Settling into a new model courtroom, Mock Trial spent an hour on Halloween night, Oct. 31, 2019, preparing for an upcoming tournament at University of Missouri – Kansas City. Criminal Justice Center room 117 is now the home of a comfortable new space for Missouri Southern Mock Trial.
The model courtroom is well-lit and furnished with enough seating to hold in excess of 30 people. Two long pews line the back of room 117, while to the right are a set of pews on risers for a jury.
A bench stands in front of five swiveling chairs for judges, and in the corner are hanging five black robes. The middle of the courtroom features a podium, as well as desks and chairs for the defense and prosecution.
The room is acoustically muted, which compliments the voices of students delivering oral arguments in the space. On the back wall are adorned the words “Justice Through Education.”
An official ribbon cutting ceremony will be held for the new courtroom at 10 a.m., Friday, Nov. 15.

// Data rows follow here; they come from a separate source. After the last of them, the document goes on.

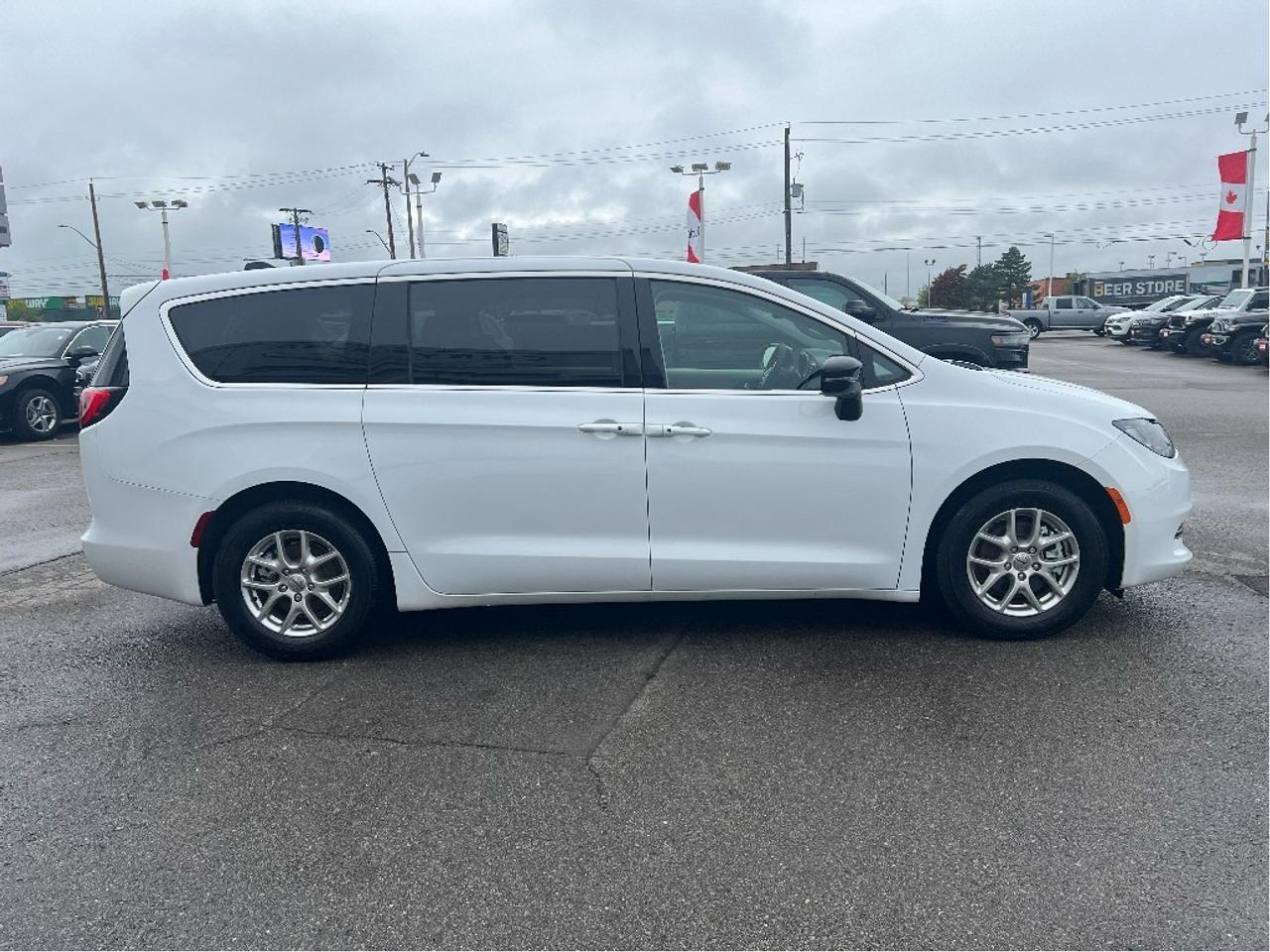 2024 Chrysler Grand Caravan SXT V6 *NAVI *PWR SEAT *REMOTE START *POWER DOORS Photo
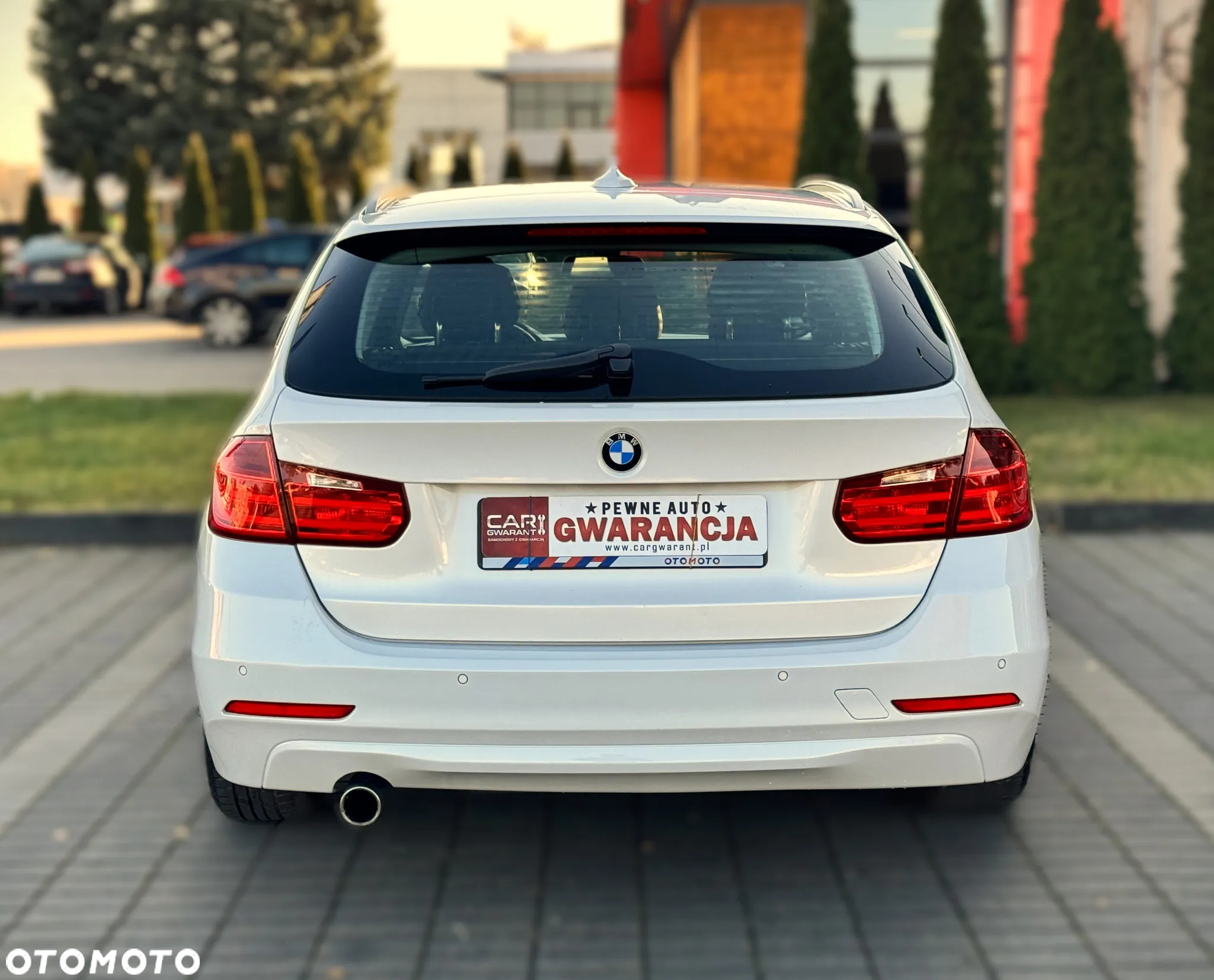 BMW Seria 3 320i Touring xDrive - 12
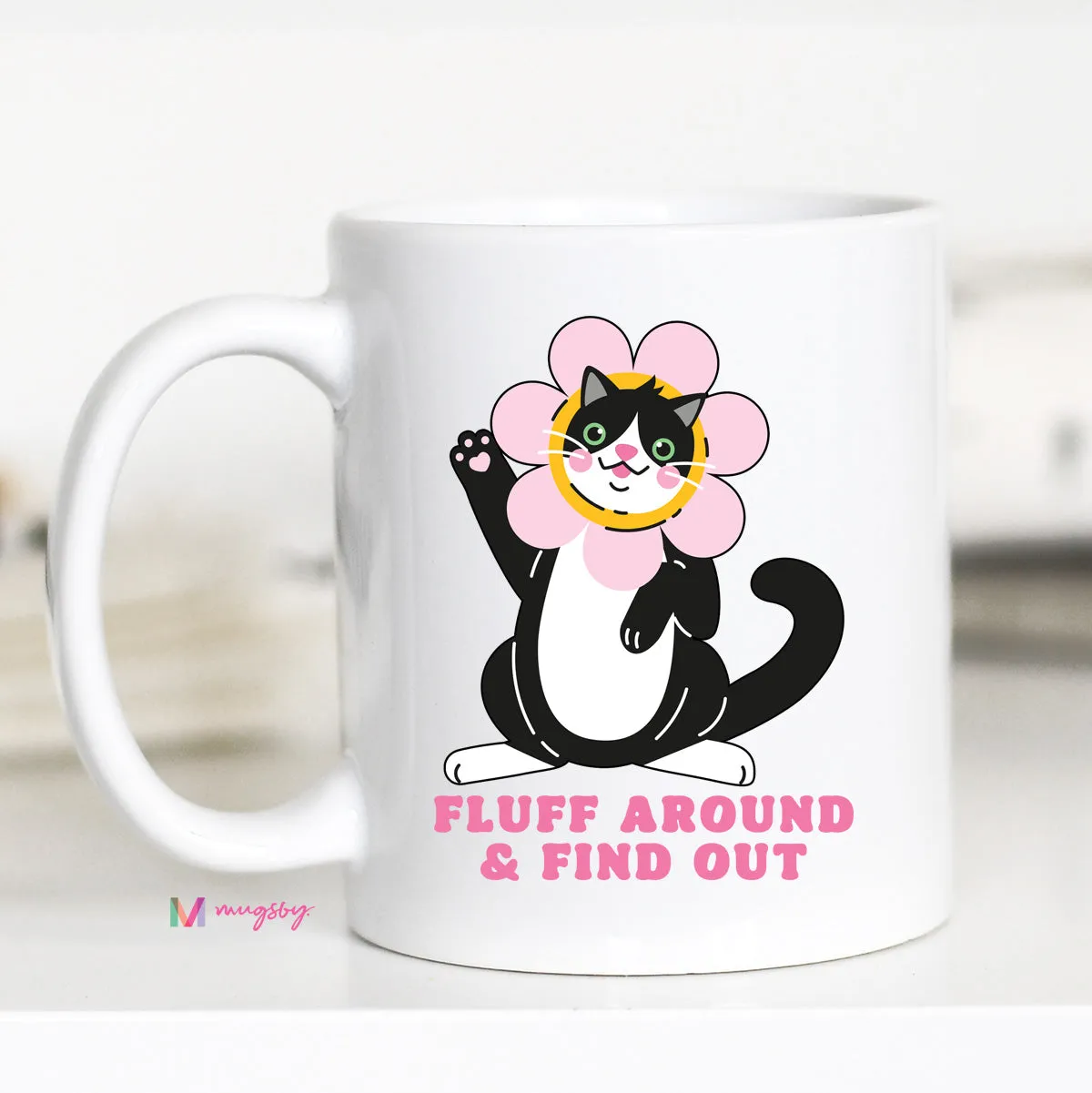 Mugsby Fluff Around and Find Out krus 325 ml sjov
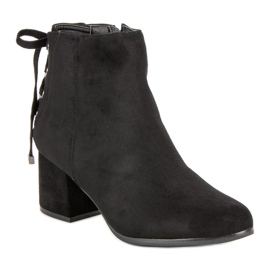 Bottes pour femmes avec une fixation le noir 2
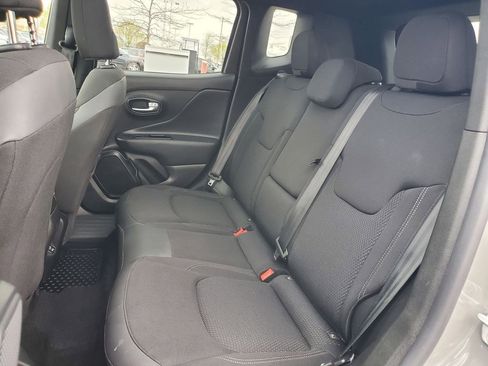 Used 2022 Jeep Renegade Altitude w/ Sun/Sound Group AWD/4WD image 29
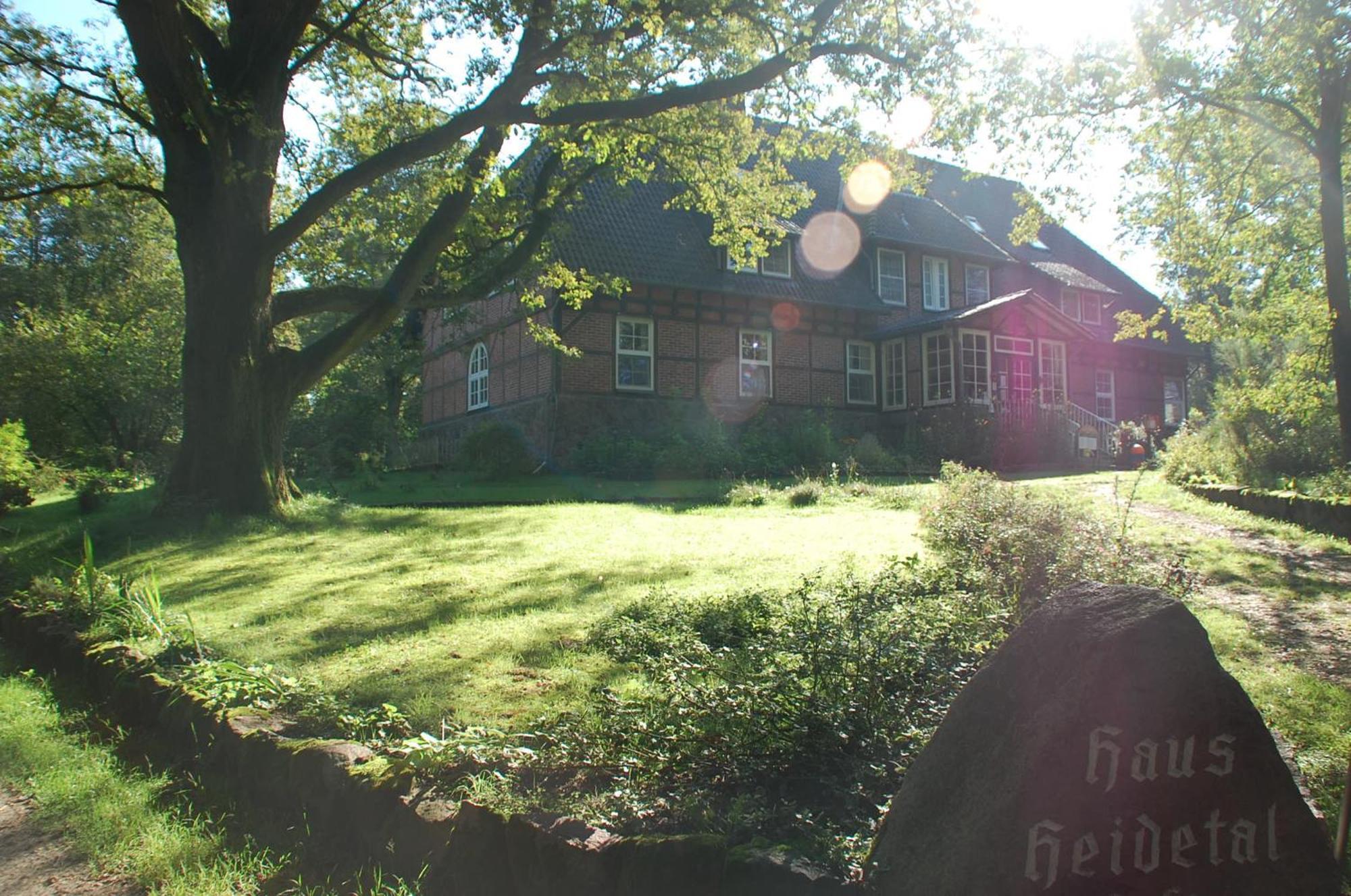비스핑엔 Haus Heidetal B&B 외부 사진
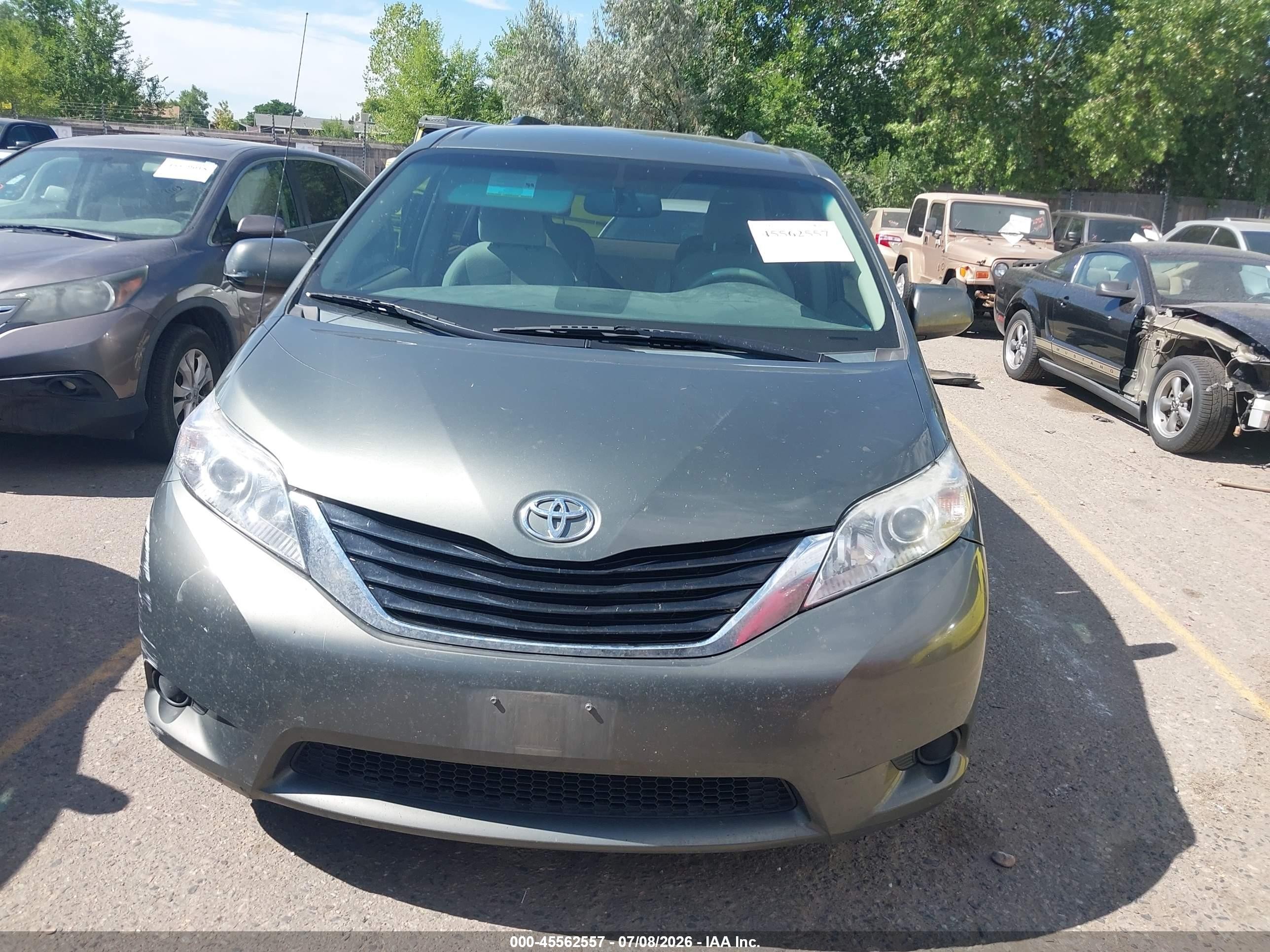2013 Toyota Sienna Le 7 Passenger Gray vin: 5TDJK3DC2DS060045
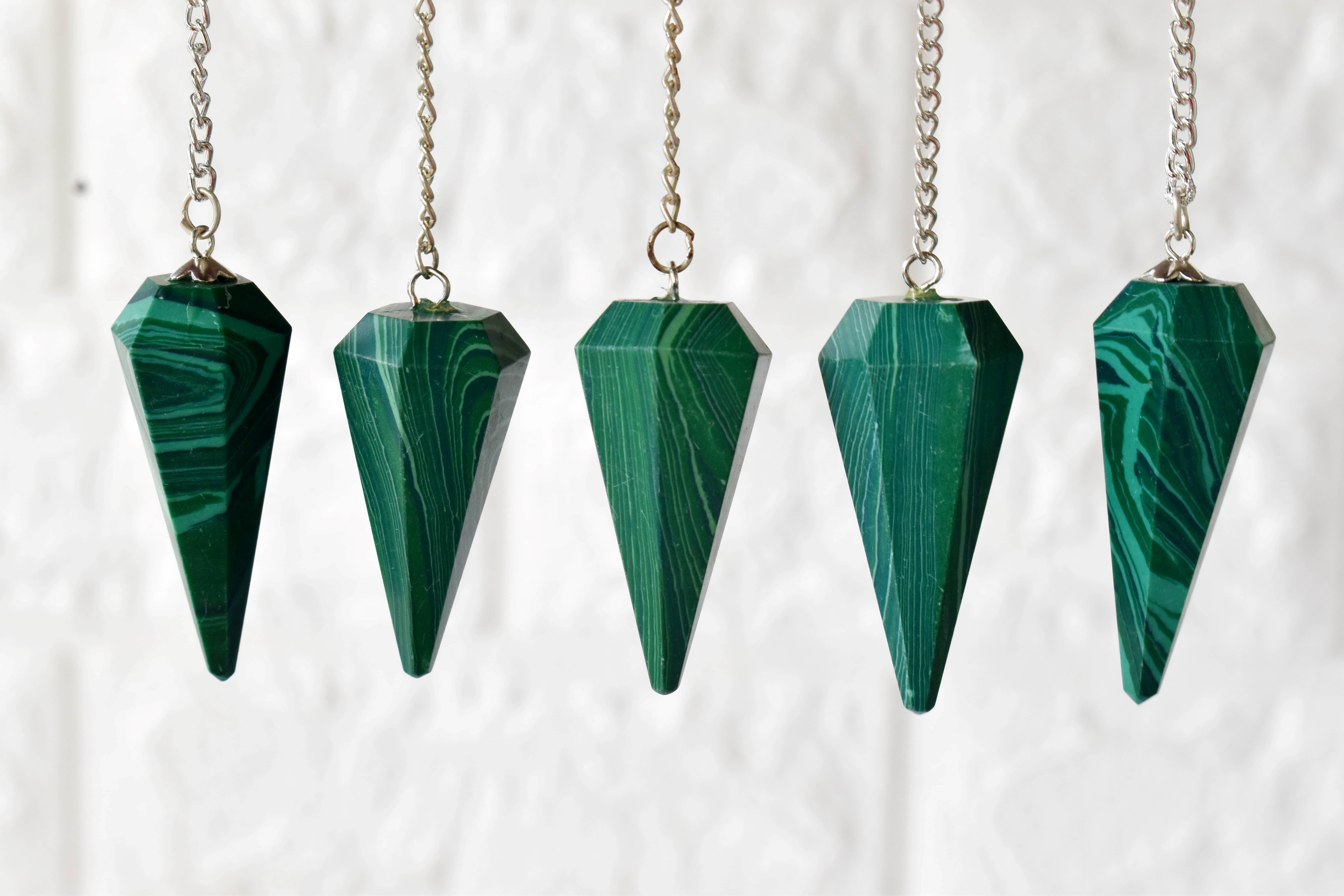 Soothing Crystals - Vendita all'ingrosso Pietra/cristallo spirituale - Lotto di 20 pezzi | Malachite sintetica | Pendolo di cristallo sfaccettato8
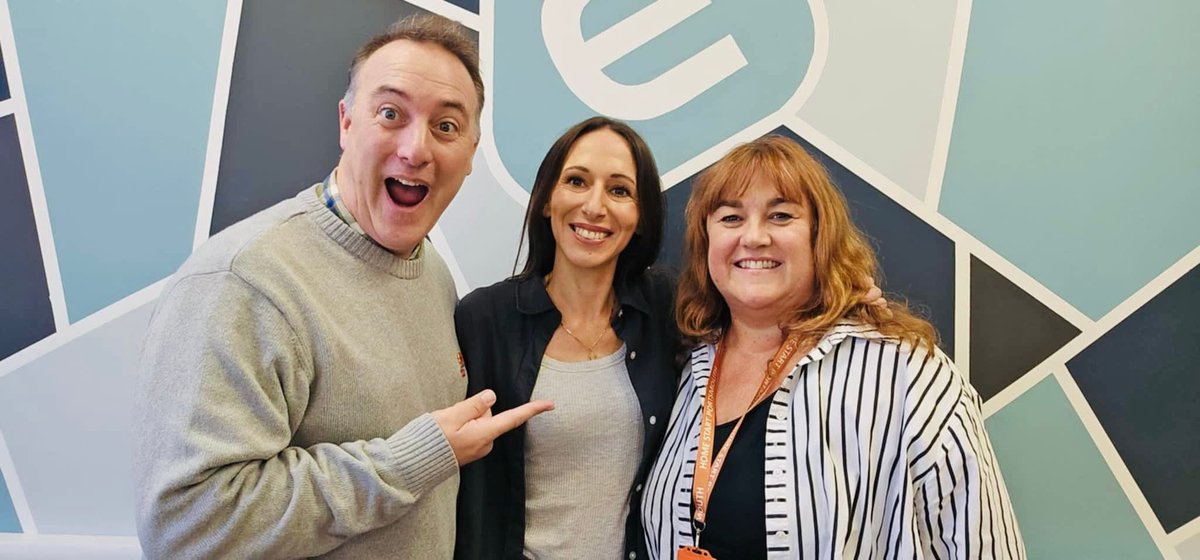 CantandoFVC's tweet photo. Thank you to @ExpressFM & @PaulSwampyMarsh for having us in the studio this morning to chat about our 25 gig challenge, and the amazing work that @homestartpmouth do in Portsmouth.
#Choir #Radio #Music #ExpressFM #PortsmouthEvents #Portsmouth #Southsea https://t.co/ZHBkODfE34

Education was evident as students looked over extensive notes in their laptops while waiting for the meeting to be begin. Several minutes after four o’clock, Brenden Higashi, Head Coach of Mock Trial called the meeting to order.
He quickly started by reading off the list of students who are to participate in the tournament at UMKC.
In preparation for the tournament at UMKC, students on Southern’s Mock Trial team rehearsed arguments and testimonies relevant to their assigned characters. According to Higashi, each team is guaranteed to run two prosecutions and two defenses.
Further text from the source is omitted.